My CLAUDE.md is 155 lines. My harness is 28,000.
Why the context file is the index, not the encyclopedia — and what actually scaled my agentic workflow.
Here are two numbers from my Git repository.
Over the past quarter of building with — and deliberately experimenting on — agentic development practices, my CLAUDE.md grew from 154 lines to 155.
In the same period, the .claude/ directory beside it grew to 28,431 lines across 118 files.
That is a ratio of roughly 183 to 1. And the context file growing by exactly one line was not stagnation or neglect — it was the design goal. Everything I have learned about making agentic development work in earnest is contained in why that ratio looks the way it does.
This piece covers five things: the failure mode almost everyone hits first; the reframe that fixed it; the six layers where the real weight now lives; the security and governance lens that ties the layers together; and what the arrangement bought me in measurable terms.
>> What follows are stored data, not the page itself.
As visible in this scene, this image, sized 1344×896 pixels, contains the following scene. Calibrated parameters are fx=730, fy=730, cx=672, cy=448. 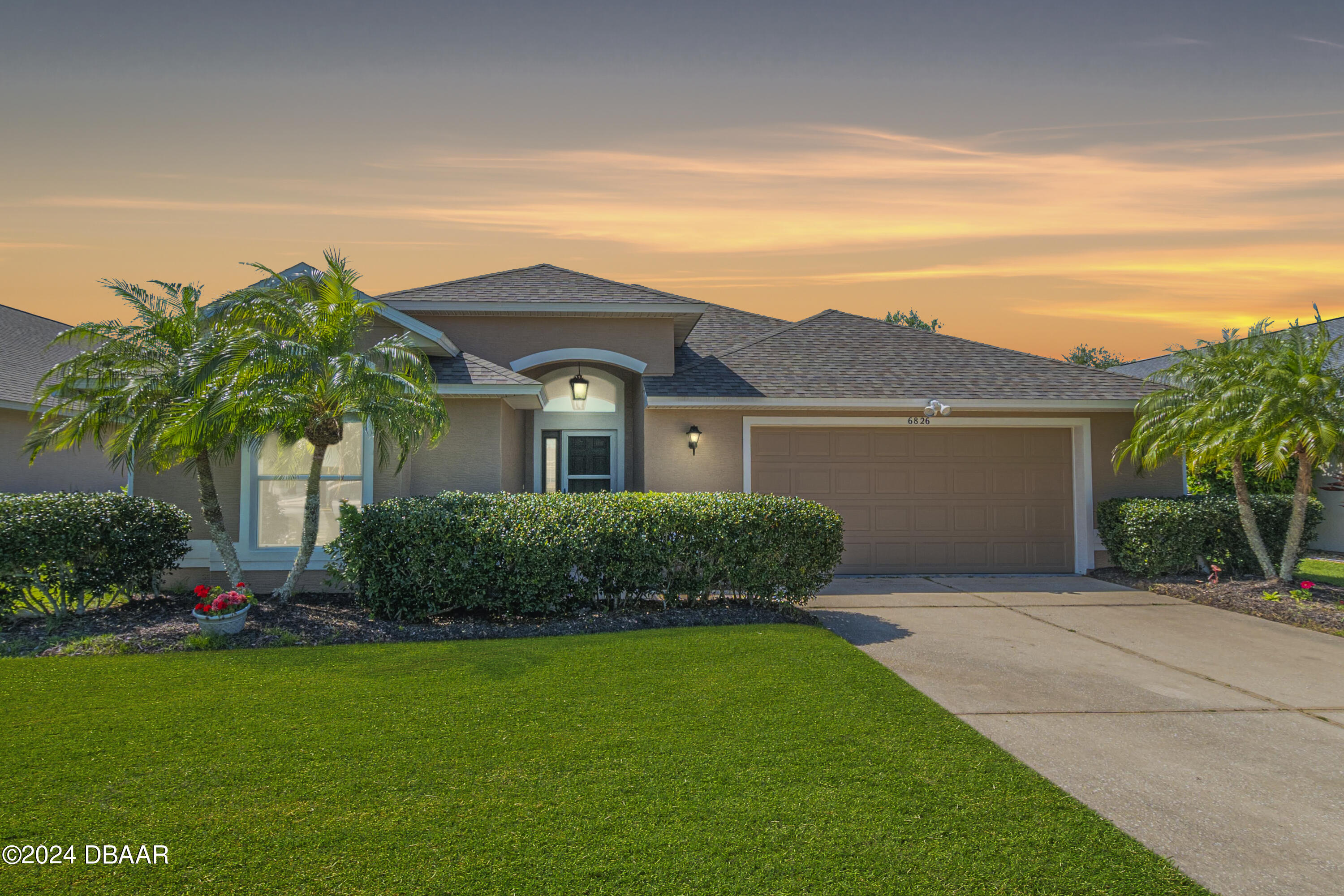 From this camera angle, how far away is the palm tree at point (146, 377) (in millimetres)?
7559

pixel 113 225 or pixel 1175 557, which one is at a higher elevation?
pixel 113 225

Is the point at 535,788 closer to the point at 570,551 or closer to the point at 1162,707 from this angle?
the point at 570,551

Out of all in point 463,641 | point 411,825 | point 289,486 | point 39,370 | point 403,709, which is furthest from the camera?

The argument that frames all of it: a context file is an index, not a manual.
1. The failure mode everyone hits first
If you have used Claude Code, Cursor, or any comparable agentic tool for more than a week, you will recognise the arc:
You start with a small, tidy context file.
The agent does something wrong — uses the wrong naming convention, skips a test, logs a user’s email.
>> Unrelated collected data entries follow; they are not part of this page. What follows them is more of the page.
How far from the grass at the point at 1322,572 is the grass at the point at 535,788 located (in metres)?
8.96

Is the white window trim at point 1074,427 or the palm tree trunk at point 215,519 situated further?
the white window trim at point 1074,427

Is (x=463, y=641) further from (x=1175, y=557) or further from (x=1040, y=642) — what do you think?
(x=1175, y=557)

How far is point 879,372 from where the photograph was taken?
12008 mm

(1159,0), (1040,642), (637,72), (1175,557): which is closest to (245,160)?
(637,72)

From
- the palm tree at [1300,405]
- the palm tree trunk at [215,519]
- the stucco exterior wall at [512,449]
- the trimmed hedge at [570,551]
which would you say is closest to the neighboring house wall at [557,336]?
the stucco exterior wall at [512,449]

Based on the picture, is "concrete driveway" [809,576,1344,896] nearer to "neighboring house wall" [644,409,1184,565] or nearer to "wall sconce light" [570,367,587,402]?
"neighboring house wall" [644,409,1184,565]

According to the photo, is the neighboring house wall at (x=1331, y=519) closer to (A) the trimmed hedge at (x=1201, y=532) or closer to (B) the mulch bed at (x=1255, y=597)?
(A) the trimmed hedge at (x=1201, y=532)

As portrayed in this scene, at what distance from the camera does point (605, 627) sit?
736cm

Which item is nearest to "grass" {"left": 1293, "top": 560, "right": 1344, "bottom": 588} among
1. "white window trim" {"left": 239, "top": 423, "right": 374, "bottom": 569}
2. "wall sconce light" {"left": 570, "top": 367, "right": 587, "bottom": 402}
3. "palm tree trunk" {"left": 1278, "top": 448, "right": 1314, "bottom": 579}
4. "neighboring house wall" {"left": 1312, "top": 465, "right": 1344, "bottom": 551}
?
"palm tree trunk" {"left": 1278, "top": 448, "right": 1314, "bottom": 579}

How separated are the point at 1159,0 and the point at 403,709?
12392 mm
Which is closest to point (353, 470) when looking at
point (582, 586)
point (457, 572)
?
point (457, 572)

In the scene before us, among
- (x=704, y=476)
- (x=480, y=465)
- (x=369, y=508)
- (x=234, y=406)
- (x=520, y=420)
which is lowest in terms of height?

You add a rule to the file.
Return to step 2.
Six weeks later your context file is a 900-line wall of imperatives — and, here is the hard truth, the agent ignores it more than it did when the file was small. This is not mere anecdote: Anthropic’s own guidance names the over-specified context file as an anti-pattern, and the creator of Claude Code keeps his own team’s file deliberately short — his advice when it bloats is to delete it and start again.
However, this is not the model being lazy. It is three structural problems compounding:
Everything loads on every request. Your migration rules are in context when the agent is fixing a CSS bug. Your CSS conventions are in context when it is writing a database trigger. Every irrelevant rule is noise diluting the relevant ones.
Instruction-following degrades with volume. A model attending to 40 rules follows them noticeably worse than a model attending to 8. Past a certain point, each rule you add reduces compliance with the rules you already had.
Prose rules are requests, not enforcement. “Never commit directly to main” is an instruction. I have experienced multiple times that the agent can lose the thread in a long session or get confused across a subagent handoff — and the instruction does nothing. The distinction that matters: an instruction is something an agent can ignore, whereas a rule is something that can be enforced. A “rule” that exists only in prose is not a rule at all — it is an instruction wearing a rule’s clothing.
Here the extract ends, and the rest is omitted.